Ellis also represents SmarterSafer.org, a national coalition of environmental, taxpayer protection, insurance and housing groups that’s pushing for other changes in the federal program.

Flood insurance premiums, for example, don’t reflect the actual cost of the home that’s being insured; instead, they’re based on the likelihood that a particular area will be flooded. This results in higher-priced homes being subsidized by lower-value properties, as well as encouraging development in floodplains.

“In the 1950s and ’60s, all you’d see (in low-lying coastal areas) were little bungalows,” Ellis said. “If they flooded, you’d open the door and run a hose in to clean them up.”

Since the National Flood Insurance Program was created in 1968, he said, development in flood-prone areas has intensified, with larger, more valuable homes being built.

That’s because federally backed insurance “made it financially safer to build in flood areas,” Ellis said.

And unlike traditional insurance, filing a damage claim doesn’t result in a premium increase.

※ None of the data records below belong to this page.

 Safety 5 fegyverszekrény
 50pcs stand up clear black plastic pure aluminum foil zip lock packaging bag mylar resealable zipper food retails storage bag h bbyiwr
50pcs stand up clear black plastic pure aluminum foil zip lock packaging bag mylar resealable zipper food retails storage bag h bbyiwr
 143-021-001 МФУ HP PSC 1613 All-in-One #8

In fact, program critics note that about 1 percent of the policies are for “repeat claim” properties – homes or buildings that have been flooded on multiple occasions. They account for about 30 percent of all damage claims, yet there’s no mitigation requirement to help reduce the likelihood of flooding in the future.

Pricing policies to accurately reflect the level of risk and focusing more attention on mitigation efforts are some of the reforms SmarterSafer.org is pushing for. Longer term, it wants private insurers to play a bigger role.

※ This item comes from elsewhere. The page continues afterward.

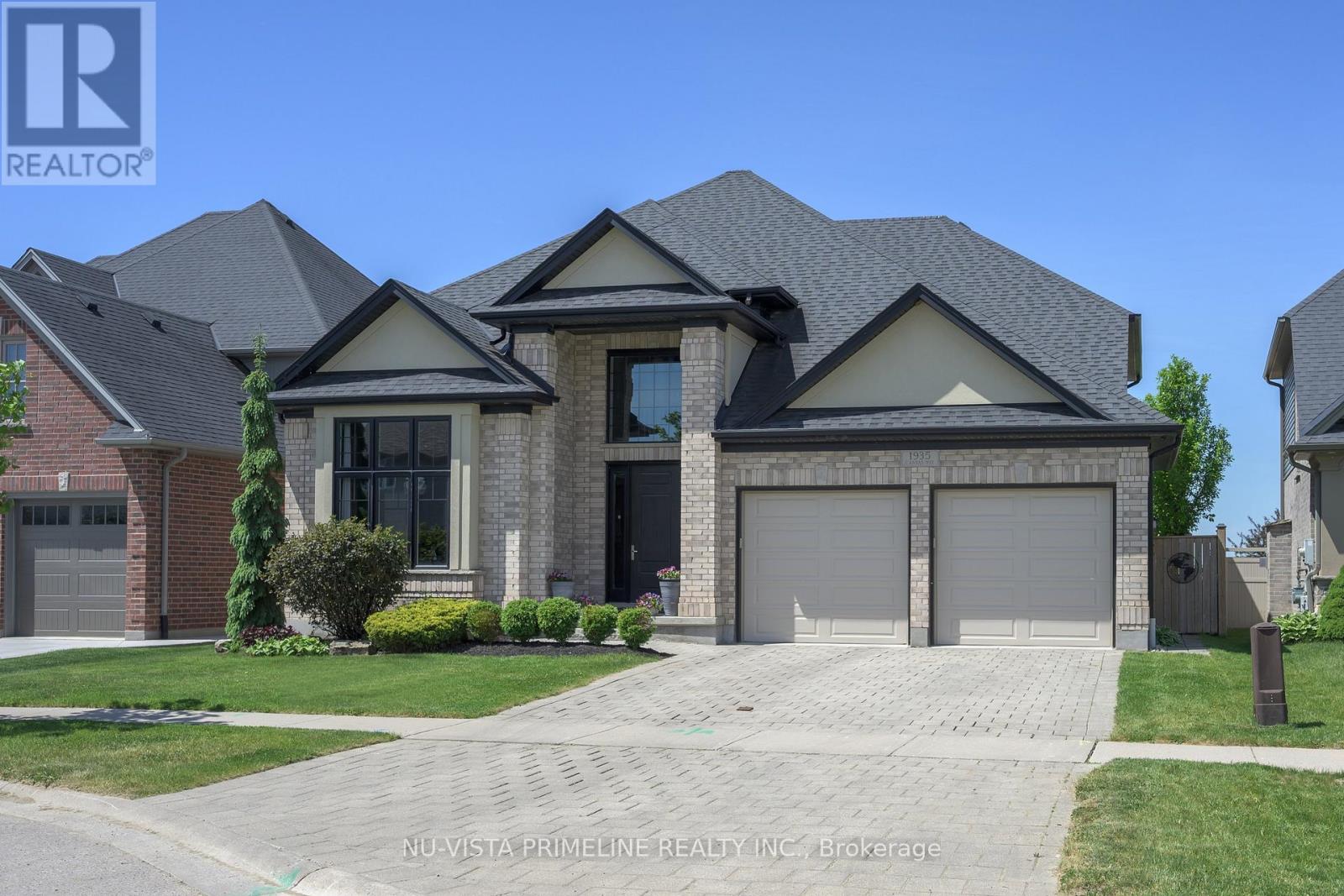 1935 Canvas Way, London North, Ontario  N5X 0L9 - Photo 42 - X13752428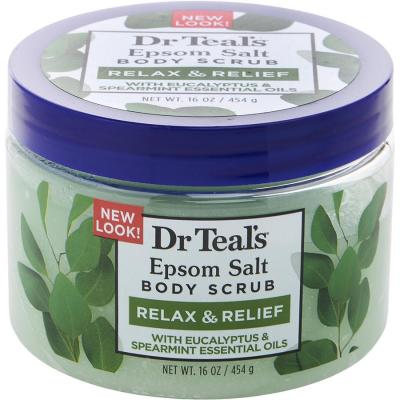 Dr. Teals by Dr. Teals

Crapo agrees with that goal. He’s just not sure Congress will go there in this next reauthorization.

“The politics of being able to achieve that level of reform in this next step would be very difficult,” he said. Hurricanes Harvey and Irma, though, could “give momentum to the need to address reforms and facilitate a transition to private sector insurance.”

Together with Ohio Sen. Sherrod Brown, ranking Democrat on the banking committee, Crapo introduced a National Flood Insurance bill in July that reauthorizes the program for six years. It also requires greater mitigation efforts in areas that are prone to repeat flooding and directs the program administrator to start factoring a home’s actual replacement cost into the premium calculations.

Ellis said the bill “doesn’t go far enough.” Given the six-year reauthorization horizon – as opposed to the normal five-year reauthorization – he’d like the committee to push for more significant reforms.

Crapo, though, said the bill simply represented areas where there was bipartisan consensus.

“It wasn’t intended to be the final bill,” he said. “I think we’ll be able to include some additional provisions. But there’s also pressure to move the other direction. The politics of this are still alive and well on both sides of the issue.”

This typically wouldn’t be of great interest in Idaho, which is one of the least flood-prone states in the nation. However, the Crapo-Brown bill also has language that includes “wildfires on federal lands” within the definition of a major disaster. That would make them eligible for federal disaster relief funding.

“It wouldn’t change the way we fight wildfires, but it provides a funding mechanism so the Forest Service and Bureau of Land Management don’t have to raid their budgets to pay for them,” Crapo said. “When we have those (catastrophic fires), the funding would go through FEMA (the Federal Emergency Management Agency) to the Forest Service and BLM.”